*WORK TO BE COMPLETED*
Write out the entire listing below exactly as it appears, minus any pictures.

*COLLECTED DATA*
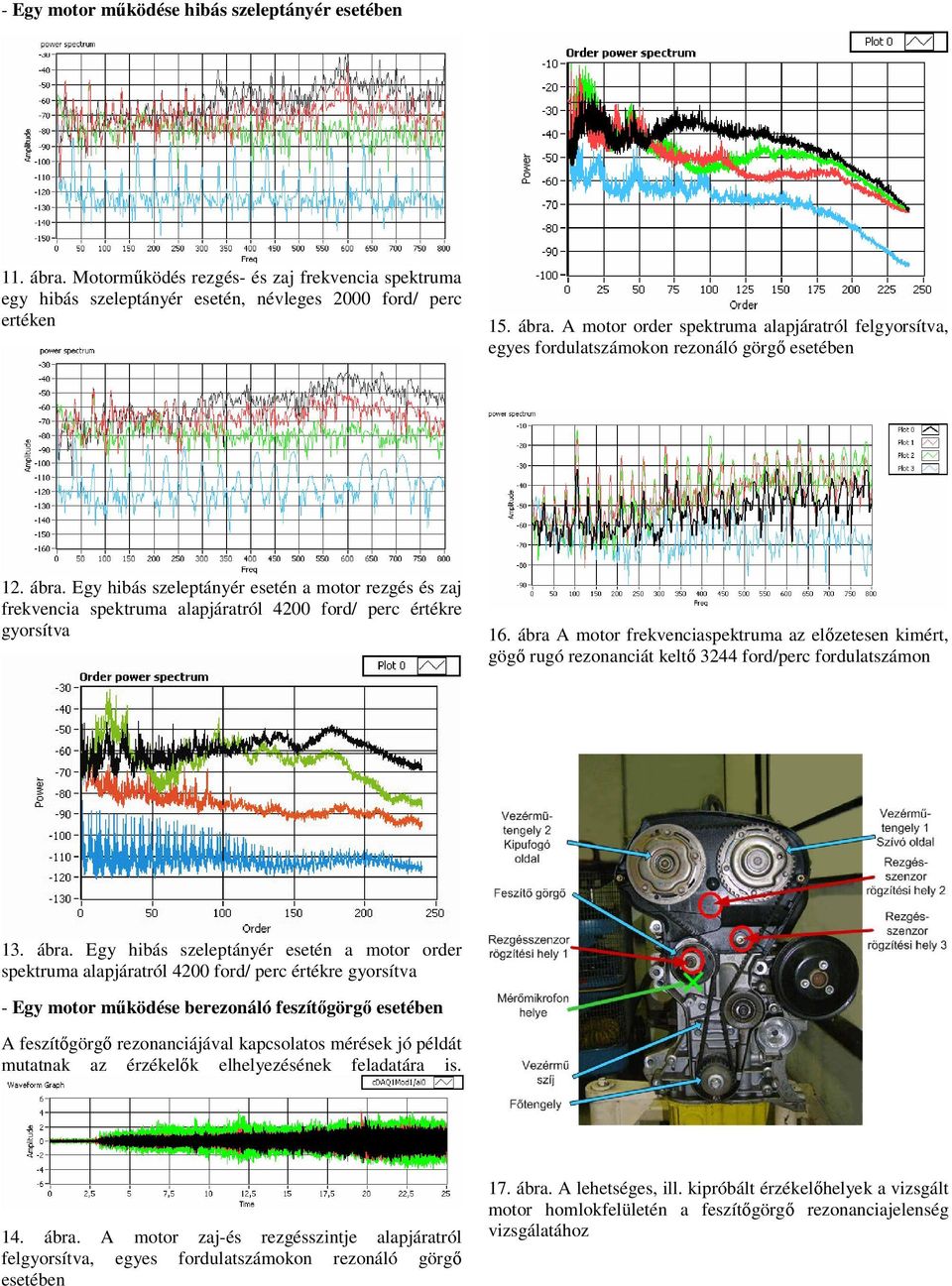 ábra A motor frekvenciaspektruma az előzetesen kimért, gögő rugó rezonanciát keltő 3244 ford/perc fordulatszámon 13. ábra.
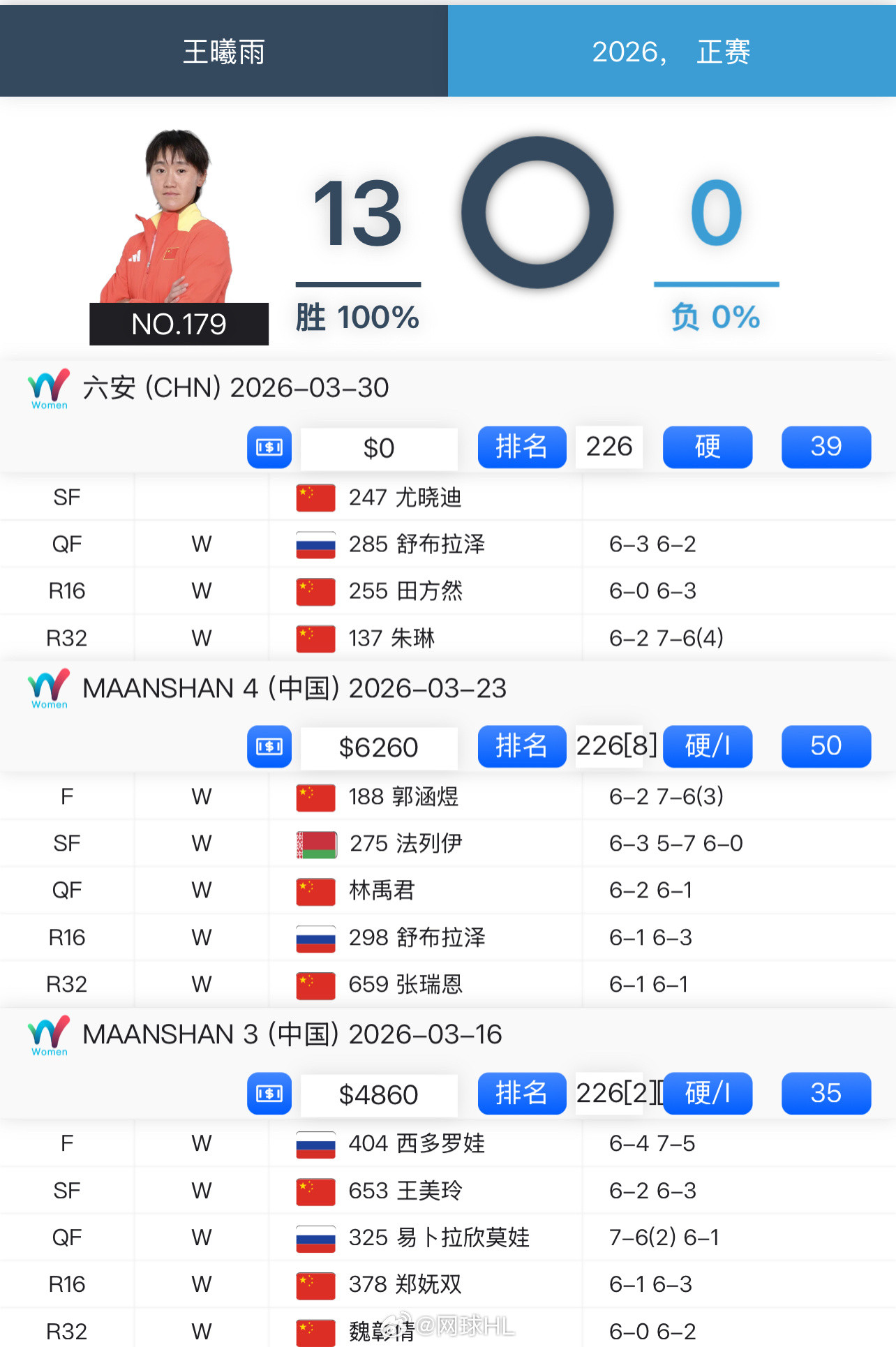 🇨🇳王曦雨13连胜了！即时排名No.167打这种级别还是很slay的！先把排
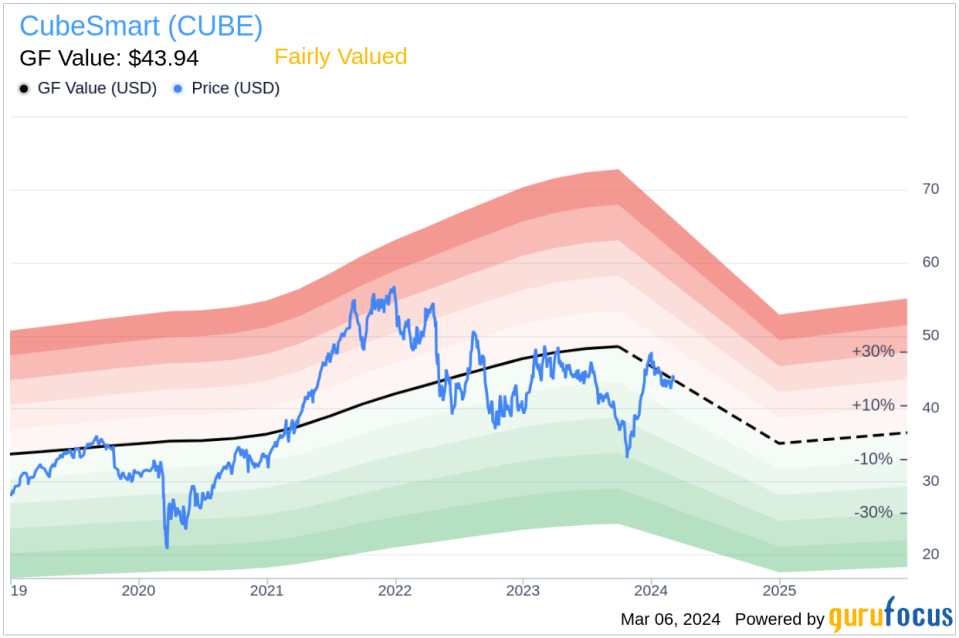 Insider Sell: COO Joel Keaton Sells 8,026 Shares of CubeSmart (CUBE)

*RESULT OF THIS EXERCISE*
 ábra A motor frekvenciaspektruma az előzetesen kimért, gögő rugó rezonanciát keltő 3244 ford/perc fordulatszámon 13. ábra.
 🇨🇳王曦雨13连胜了！即时排名No.167打这种级别还是很slay的！先把排
 Insider Sell: COO Joel Keaton Sells 8,026 Shares of CubeSmart (CUBE)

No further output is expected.